The grammar section is quite short at only 54 pages (26 leaves) of the 208 in the text. Handwritten in one or two columns per page, it is divided into six chapters. A friar studying the language could pick up the grammar and walk away with a passing knowledge of how the language works. The chapter layout and organization clearly reflect a reliance on the Latin grammar (Introductiones latinae) written by Antonio de Nebrija, a Spanish humanist of the late 15th century, whose work greatly influenced the missionary linguists of the Americas. As with contemporary grammars of other Mesoamerican languages, friars, like the author of the Arte de la lengua cakchiquel, innovated grammatical categories or modified them to suit their own descriptions of Indigenous languages. For example, in Kaqchikel there is no copula (commonly called a linking verb). The anonymous author acknowledges this fact and explains that speakers make equative statements by using a pronoun and a noun or adjective (inutz, ‘I am good’). Although the innovations by friars may seem like a deviation from the Graeco-Latin grammatical model, I contend that friars, like the unknown author of this Arte, continued the humanist tradition by describing Indigenous languages in their own terms instead of exclusively relying on a restrictive model.
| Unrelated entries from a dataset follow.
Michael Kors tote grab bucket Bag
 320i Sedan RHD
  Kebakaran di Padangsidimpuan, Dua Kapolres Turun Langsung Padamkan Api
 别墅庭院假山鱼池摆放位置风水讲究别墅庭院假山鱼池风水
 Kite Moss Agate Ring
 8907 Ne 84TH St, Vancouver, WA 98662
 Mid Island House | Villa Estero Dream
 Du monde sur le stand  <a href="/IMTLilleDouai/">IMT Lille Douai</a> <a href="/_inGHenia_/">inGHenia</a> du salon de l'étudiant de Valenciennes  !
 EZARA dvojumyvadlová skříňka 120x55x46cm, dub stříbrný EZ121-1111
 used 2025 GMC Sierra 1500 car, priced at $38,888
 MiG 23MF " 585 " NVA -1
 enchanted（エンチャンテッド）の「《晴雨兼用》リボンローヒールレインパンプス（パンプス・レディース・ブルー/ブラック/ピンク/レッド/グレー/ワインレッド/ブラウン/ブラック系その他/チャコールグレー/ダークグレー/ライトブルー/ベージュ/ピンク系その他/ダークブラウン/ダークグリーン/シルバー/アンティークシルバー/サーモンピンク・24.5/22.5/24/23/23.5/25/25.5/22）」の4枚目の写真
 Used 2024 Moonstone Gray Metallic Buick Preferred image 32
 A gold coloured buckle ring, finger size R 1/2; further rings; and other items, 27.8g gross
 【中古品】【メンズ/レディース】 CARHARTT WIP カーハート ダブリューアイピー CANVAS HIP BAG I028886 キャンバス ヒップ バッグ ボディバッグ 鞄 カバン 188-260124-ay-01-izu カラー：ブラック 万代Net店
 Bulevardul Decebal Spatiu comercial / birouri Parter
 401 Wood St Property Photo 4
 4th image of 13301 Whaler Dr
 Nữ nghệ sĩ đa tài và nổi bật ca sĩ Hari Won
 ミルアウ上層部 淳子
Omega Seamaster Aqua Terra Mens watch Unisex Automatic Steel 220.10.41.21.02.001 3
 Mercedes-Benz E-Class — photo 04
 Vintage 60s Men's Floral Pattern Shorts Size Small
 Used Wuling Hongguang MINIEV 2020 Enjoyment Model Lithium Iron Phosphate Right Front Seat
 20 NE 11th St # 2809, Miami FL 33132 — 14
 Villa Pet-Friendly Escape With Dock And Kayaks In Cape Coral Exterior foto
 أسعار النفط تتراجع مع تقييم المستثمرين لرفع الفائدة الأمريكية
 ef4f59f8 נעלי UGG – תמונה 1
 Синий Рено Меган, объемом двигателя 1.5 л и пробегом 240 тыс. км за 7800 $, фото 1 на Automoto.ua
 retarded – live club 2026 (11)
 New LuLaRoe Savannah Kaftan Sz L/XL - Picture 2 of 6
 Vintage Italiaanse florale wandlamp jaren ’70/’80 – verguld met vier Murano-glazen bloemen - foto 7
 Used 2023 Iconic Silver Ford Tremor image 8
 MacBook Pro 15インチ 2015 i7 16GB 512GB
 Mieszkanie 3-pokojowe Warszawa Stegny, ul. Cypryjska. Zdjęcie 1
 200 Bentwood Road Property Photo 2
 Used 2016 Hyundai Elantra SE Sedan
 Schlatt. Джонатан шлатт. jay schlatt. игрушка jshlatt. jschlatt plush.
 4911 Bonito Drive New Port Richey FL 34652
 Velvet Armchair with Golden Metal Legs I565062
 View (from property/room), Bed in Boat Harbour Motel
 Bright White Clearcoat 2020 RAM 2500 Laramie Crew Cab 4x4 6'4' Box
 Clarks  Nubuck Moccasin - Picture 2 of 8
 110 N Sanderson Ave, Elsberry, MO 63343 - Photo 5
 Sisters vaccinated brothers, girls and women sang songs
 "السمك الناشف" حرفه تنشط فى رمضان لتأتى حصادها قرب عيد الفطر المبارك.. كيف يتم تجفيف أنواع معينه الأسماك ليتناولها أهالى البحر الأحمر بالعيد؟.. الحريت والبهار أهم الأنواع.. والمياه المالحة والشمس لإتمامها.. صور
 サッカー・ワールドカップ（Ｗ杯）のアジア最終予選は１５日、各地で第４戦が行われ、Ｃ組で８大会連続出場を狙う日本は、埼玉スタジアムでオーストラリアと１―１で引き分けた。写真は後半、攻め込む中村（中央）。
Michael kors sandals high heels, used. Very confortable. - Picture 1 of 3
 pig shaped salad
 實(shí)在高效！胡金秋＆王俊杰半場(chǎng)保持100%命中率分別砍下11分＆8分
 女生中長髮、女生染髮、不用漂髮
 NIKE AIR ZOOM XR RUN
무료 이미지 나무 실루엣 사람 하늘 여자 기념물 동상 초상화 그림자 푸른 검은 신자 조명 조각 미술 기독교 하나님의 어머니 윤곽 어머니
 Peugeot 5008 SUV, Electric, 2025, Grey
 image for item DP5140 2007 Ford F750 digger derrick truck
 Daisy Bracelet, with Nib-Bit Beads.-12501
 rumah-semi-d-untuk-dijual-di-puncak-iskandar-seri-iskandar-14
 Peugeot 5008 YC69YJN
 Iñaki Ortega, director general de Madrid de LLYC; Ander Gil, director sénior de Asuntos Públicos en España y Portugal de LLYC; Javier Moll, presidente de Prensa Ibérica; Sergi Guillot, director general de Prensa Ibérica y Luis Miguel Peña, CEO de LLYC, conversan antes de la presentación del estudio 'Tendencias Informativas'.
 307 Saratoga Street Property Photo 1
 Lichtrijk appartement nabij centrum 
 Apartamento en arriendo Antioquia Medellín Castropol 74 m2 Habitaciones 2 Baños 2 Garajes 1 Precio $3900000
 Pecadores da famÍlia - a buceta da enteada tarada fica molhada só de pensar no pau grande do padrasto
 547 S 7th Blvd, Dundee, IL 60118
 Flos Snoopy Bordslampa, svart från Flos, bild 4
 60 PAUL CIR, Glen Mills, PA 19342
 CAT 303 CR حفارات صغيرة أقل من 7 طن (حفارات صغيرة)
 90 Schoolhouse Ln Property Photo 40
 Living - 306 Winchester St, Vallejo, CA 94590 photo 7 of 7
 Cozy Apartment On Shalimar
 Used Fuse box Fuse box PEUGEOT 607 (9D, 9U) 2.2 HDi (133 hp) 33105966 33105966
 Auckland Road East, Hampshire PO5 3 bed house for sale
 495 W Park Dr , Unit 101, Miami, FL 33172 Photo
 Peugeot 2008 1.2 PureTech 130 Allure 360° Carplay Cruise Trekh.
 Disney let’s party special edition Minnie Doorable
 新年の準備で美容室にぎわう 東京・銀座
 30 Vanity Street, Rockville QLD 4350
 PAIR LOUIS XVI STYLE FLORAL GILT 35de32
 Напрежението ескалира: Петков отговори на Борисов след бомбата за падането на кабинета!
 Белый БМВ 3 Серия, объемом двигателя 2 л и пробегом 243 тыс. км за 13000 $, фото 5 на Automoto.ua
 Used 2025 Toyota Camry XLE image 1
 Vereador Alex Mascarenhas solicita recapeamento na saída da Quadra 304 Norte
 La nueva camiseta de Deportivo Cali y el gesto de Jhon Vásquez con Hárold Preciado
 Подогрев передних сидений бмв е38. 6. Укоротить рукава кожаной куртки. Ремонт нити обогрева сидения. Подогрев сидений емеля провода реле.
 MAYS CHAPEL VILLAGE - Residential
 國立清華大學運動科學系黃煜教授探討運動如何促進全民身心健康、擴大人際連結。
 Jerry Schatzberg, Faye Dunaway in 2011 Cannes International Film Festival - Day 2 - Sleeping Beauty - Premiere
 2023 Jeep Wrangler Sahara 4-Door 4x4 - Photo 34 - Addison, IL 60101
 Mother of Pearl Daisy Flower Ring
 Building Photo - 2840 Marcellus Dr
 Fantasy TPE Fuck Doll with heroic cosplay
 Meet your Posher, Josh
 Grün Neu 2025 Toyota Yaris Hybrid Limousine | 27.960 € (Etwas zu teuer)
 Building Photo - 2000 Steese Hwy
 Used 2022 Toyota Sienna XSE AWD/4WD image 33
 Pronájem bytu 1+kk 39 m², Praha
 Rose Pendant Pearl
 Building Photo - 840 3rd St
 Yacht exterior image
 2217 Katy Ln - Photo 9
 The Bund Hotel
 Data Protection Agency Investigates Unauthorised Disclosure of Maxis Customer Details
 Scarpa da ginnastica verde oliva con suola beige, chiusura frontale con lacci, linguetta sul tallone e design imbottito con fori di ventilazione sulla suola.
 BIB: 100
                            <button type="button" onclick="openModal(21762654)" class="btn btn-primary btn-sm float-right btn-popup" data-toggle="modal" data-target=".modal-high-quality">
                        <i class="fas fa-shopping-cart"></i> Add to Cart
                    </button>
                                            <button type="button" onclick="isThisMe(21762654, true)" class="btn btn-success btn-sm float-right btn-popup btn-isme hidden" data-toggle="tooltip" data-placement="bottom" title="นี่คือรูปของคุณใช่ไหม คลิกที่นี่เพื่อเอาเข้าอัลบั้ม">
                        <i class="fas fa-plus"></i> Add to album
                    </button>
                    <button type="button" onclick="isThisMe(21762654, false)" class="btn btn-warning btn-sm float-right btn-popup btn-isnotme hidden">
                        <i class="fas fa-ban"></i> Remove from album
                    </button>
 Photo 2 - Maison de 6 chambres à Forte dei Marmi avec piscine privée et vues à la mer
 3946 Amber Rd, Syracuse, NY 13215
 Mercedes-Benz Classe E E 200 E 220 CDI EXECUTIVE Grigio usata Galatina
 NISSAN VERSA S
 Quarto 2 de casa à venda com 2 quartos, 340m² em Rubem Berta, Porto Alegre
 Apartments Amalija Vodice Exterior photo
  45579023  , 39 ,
Besides the linguistic content of the grammar, the religious content found throughout the Doctrina presents a fascinating look into the theology of Dominicans attempting to evangelize in the Highlands of Guatemala in the late 17th century. Dominicans were in fierce competition with Franciscans for the souls of Maya people in Highland Guatemala and adopted different techniques for conversion. Dominicans frequently incorporated Kaqchikel Maya spiritual terms into explanations of Christianity including concepts like God, Hell, and the Devil, while the Franciscans mostly did not. Because these Mayanized terms appear so often, the Doctrina can be seen as a distinctly Dominican example of a linguistic and pastoral document.